Drive Progress: The Super Bowl ad that made me think about equity and sidelines
Equal Pay for Equal Work…never thought that would come up as a commercial during the Super Bowl. I wasn’t anticipating having to think during commercials. I expected the traditional, attention-getting ads from Coke or Budweiser or maybe a new Go Daddy ad. I wanted to see which one would make me laugh the most. Even when this Audi ad started playing I thought it would morph into the newest technology from Apple.
That didn’t happen. I watched intently as the girl in her box car racer made quick maneuvers, and advanced ahead of the boy drivers. I listened more closely to the voiceover from the dad who was on the sidelines cheering for her, but in his mind he questioned what he should tell her,: “Should I tell her Grandpa is worth more than Grandma? Or Dad is worth more than mom?” I thought to my self, wait this is a different kind of ad.
I reminisced about times with my own daughters, as the proud dad from the commercial saw his daughter succeed. I smiled as the dad and daughter walked off together, winning trophy in her hand. The story line is a great one that needs to be told, and for me spans beyond even pay equality. It is also about helping and being on the sidelines as the kids realize their dreams.

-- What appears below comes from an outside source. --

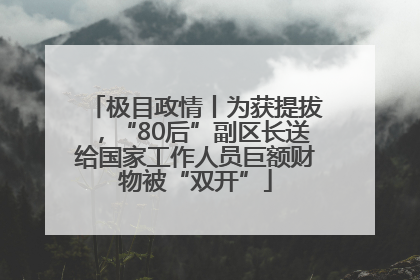 极目政情丨为获提拔，“80后”副区长送给国家工作人员巨额财物被“双开”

The dad isn’t there talking to his daughter about salaries. He drove her to (and from) the event, and he is watching his daughter succeed at something she obviously loves, and he doesn’t want anything to hold her back. It’s the passion that matters and dad is there as her champion despite projections society may or may not place on her in the future.
I have two sons at home and our two daughters are now grown (well kind of) and more than a day’s drive away at college. Much of their lives I have tried to do what that dad did in the commercial. Teach them that they could do anything, as well if not better than anyone else. As they put in the work in and achieved their goals, I cheered from the sidelines and maybe shed a tear -- maybe.
Over the years, I have come to really love the sidelines. Transitioning from coach to champion, being a part of my children’s successes brings me the greatest reward I could ever ask for as a father. Watching the kids live out their own dreams is a gift from God. Okay, I am not ashamed to say I cry as I watch them shine.
I could talk about how my wife has dealt with pay inequality and other gender-related issues throughout her working life. I could illustrate how she has had to take on a higher workload than some of her colleagues and not been compensated for that. I could talk about flaws the system, including pregnancy leave, at many companies, is the same as disability leave -- and only women are physically impacted by that. As a husband and dad, I agree that many organizations should be responsible about gender equity among other inclusive issues. These are all important issues and I am glad the ad re-sparked this conversation.
Today, though, as I reflect on the ad, I am reminded not to forget the joy of watching my children succeed -- whether singing on stage or improving test scores. There has been hard work, tears and “flags on the play” along the way, and believe me I have done many things wrong while parenting four kids. Despite all my mistakes, here they are still living their life to the fullest -- not limited by other’s visions of their abilities.
As I finished this blog and read the description of the Audi commercial on YouTube, it ends with “progress doesn’t belong to any one group. Progress is for everyone.” In that sprit, I say embrace the sidelines and cheer for your kids every step of the way. Progress will happen for all.